I stare out over a crowd of murderers. Of slaughterers. Of people who think the only way to Heaven is fucking genocide. I want to burn this world to the ground, and I peek at the buildings beyond the wall for the telltale glint of a scope.
“Friends!” Reverend Brother Ward calls. “We are gathered here today in the presence of God to celebrate not only the blessing of our warrior, but also in a celebration of love and life!”
That—no. That doesn’t make any sense. Theo watches Brother Ward with the expression of a little boy who’s been told to wait patiently for his present but can hardly keep himself still. Mom clasps her hands, perfectly placid and calm.
I’m missing something. Something important.
Keep it together, Benji. Breathe. Everything is fine: Nick got the message, he understands it, he’s going to make it in time. Everything will work out.

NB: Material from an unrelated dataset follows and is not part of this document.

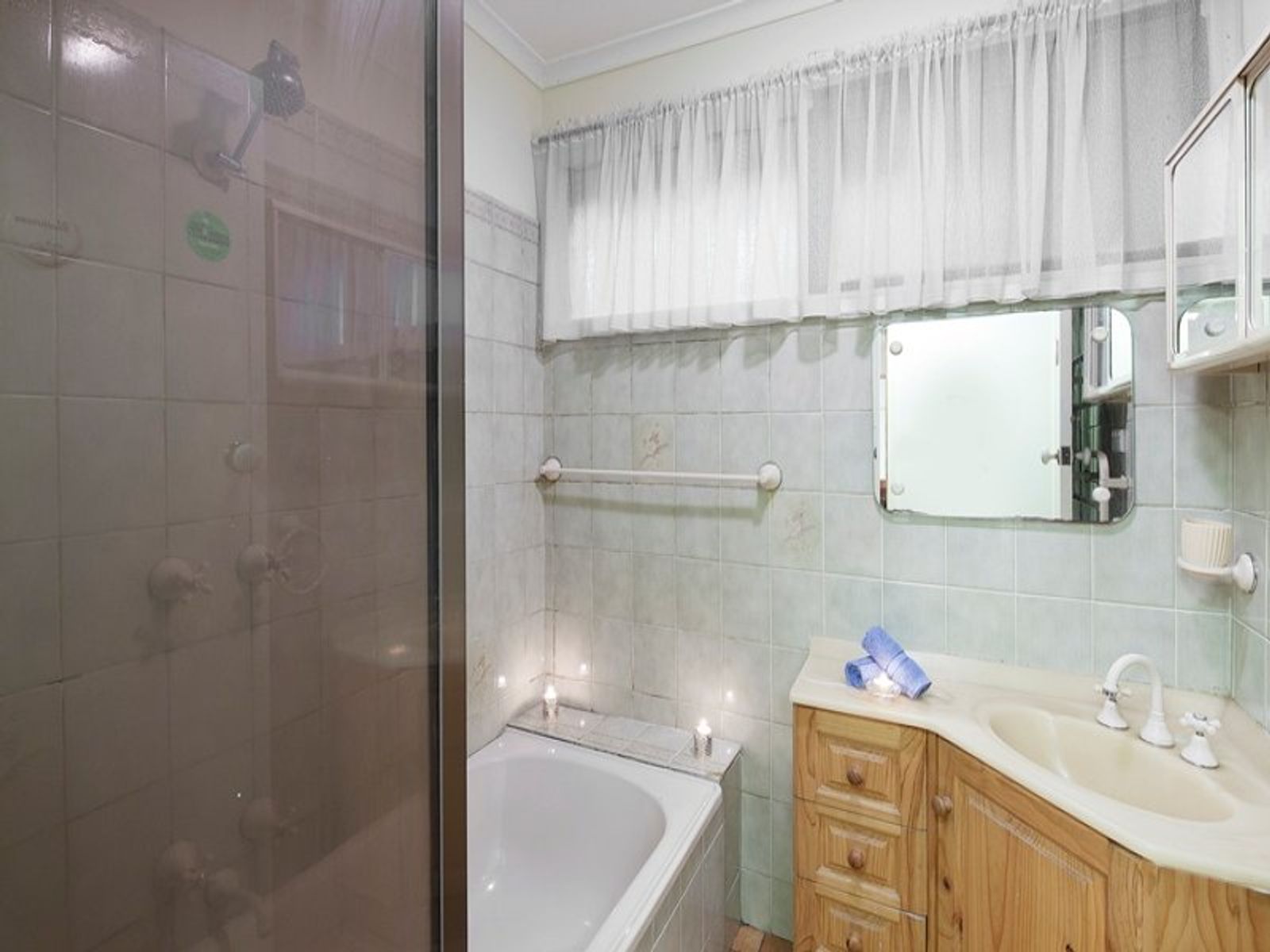 11 Rowena Court, Keysborough, VIC 3173, Keysborough - Thumbnail 7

If it doesn’t, I just have to tear this all down myself.
I don’t think I can.
And suddenly I know I can’t, because Reverend Brother Ward says, “We are here to celebrate the joining together of two people, two families, in holy matrimony.”
WHAT THE FUCK.
“God brought Theodore and Esther together,” Ward says. “They arrived just days after Father Clevenger gave the order to bring our Angels home, and God has raised them together into the wonderful young people you see before you today.” No, no, no; this isn’t happening. “They are warriors, and martyrs, and have made so many sacrifices for us. We should consider ourselves lucky to witness this here today.”

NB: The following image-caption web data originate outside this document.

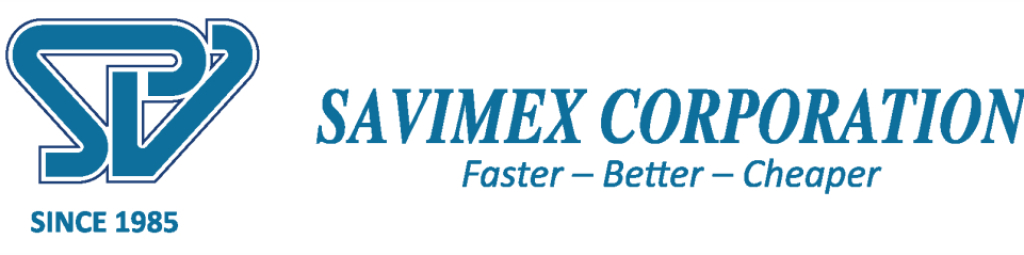 savimex corporation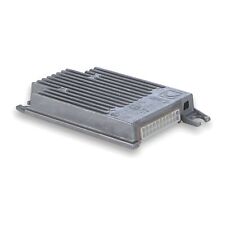 Ignition Box Malossi CDI for I-TECH Peugeot horizontal TSDI LC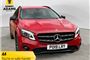 2019 Mercedes-Benz GLA GLA 180 Urban Edition 5dr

A terrible feeling sinks into what’s left of my guts. It takes me a moment to recognize it, but—it’s dysphoria, worse than I’ve ever felt. Worse than when I was wearing that dress, worse than when Mom said my deadname. At least then I knew what people thought when they looked at me. Now my body is something else, something I don’t understand, something I can’t quite grasp. Do I have any part of me that still marks me as female? They have to be able to find it in something, so they can assure themselves that there’s a woman under all this. Like there’s a woman trapped in this flesh instead of a boy being this flesh.
“Let’s bow our heads,” Reverend Brother Ward says, “and pray together.”

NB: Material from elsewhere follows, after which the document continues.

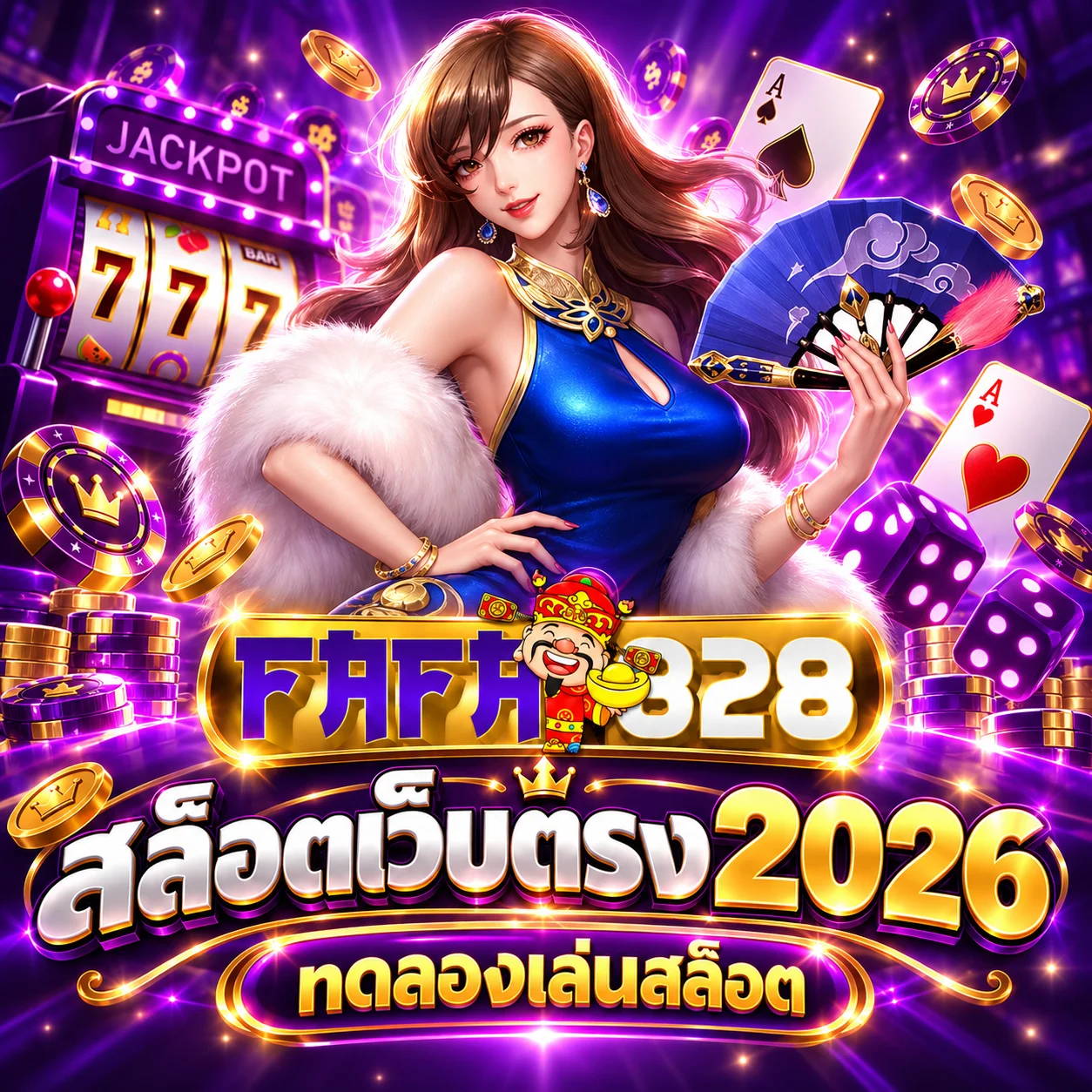 สล็อตเว็บตรง 2026 ทดลองเล่นสล็อต PG slot เว็บสล็อตตรง ระบบวอเลทใช้งานสะดวก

Did Mom know? Did Theo know? These motherfuckers. Motherfuckers.
“Oh Lord our God,” Reverend Brother Ward begins, “we are thankful for the love You have given to Theodore and Esther’s life—”
I say, “No.”
Every head snaps up.
“What?” Mom gasps.
“No,” I repeat. “No. I don’t agree to this.”
Theo reaches for me. “But we—”
I whirl on him and snap my teeth so close to his face that he falls on his ass into the dirt.
“Fuck you, Theo.” I know I’m supposed to hold it together, I know, I know, but I can’t fucking stand this. I rise to my full height with teeth bared and saliva dripping from my jaws, tinged black like the shit flowing through my veins. Soldiers raise their guns like I’m no better than a beast to be put down, and Mom screams at them to stop.
“Benji,” Theo pleads. “Benji, please. Stop. Don’t do this.”
Did they even think about this for a second? Were they so ignorant that they thought I’d take this lying down? They know what they made! I’m done begging for a scrap of respect—I am done with those who enact suffering, and I am done with the sons of bitches who stand back and let it happen.
CRACK.
A gate guard screams. We look up just in time to see a man topple from the sniper perch and hit the road with a heavy, dull thud.
Thank God, thank God, thank God.
The Watch is here, the Watch is here.